USFA: 2009 on-duty fatalities total among lowest on record
The annual USFA firefighter fatalities report listed 90 on-duty deaths; heart attacks remained the leading cause of death
By FireRescue1 Staff
EMMITSBURG, Md. — Heart attacks were still the leading cause of fatalities for firefighters on duty in 2009, which had fewer overall on-duty deaths than recent years.
The annual USFA firefighter fatalities report released Wednesday listed 90 on-duty deaths for the year, which the administration says is "one of the lowest totals in more than 30 years of record."
Stress/overexertion accounted for 50 of the deaths, including 39 deaths due to heart attacks.
The remaining on-duty deaths were split among various other causes like vehicle collisions, falls, and fatal injuries of other origins.
The report also showed:
- 16 firefighters died in duties associated with wildland fires, compared to 26 such fatalities in 2008
- 30 firefighters died while engaging in activities at the scene of a fire
- 15 firefighters died while responding to or returning from 13 emergency incidents in 2009, which compares to 24 responding/returning fatalities in 2008
- 10 firefighters died while they were engaged in training activities
The report points out that the death total matches the lowest on record when factoring out the Hometown Heroes Act of 2003, which counts firefighters who die as a result of a heart attack or stroke within 24 hours of duty-related activities.

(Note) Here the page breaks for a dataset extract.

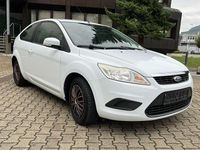 Gebraucht Ford Focus Style 80 PS (58 kW) 2008 Frostweiß Kleinwagen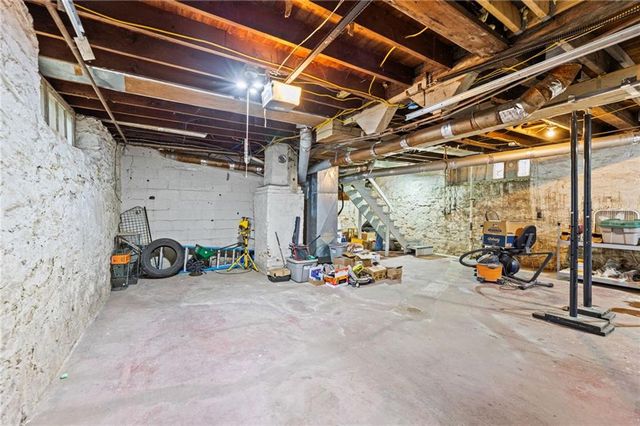 1434 6th Avenue, Leavenworth, KS 66048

"When not including these fatalities in a trend analysis, the 2009 total 77 firefighter fatalities equals the lowest number of firefighter losses on record (77 on-duty firefighter deaths occurring in 1992) over the past 33 years," the report said.
The USFA sees the low total as part of a greater overall trend in the decline of on-duty deaths.
"Over the past ten years alone, the trend shows a 14 percent reduction in on-duty firefighter fatalities but we must continue every effort to be sure that when it comes to firefighter health and safety, everyone goes home," Acting United States Fire Administrator Glenn Gaines said.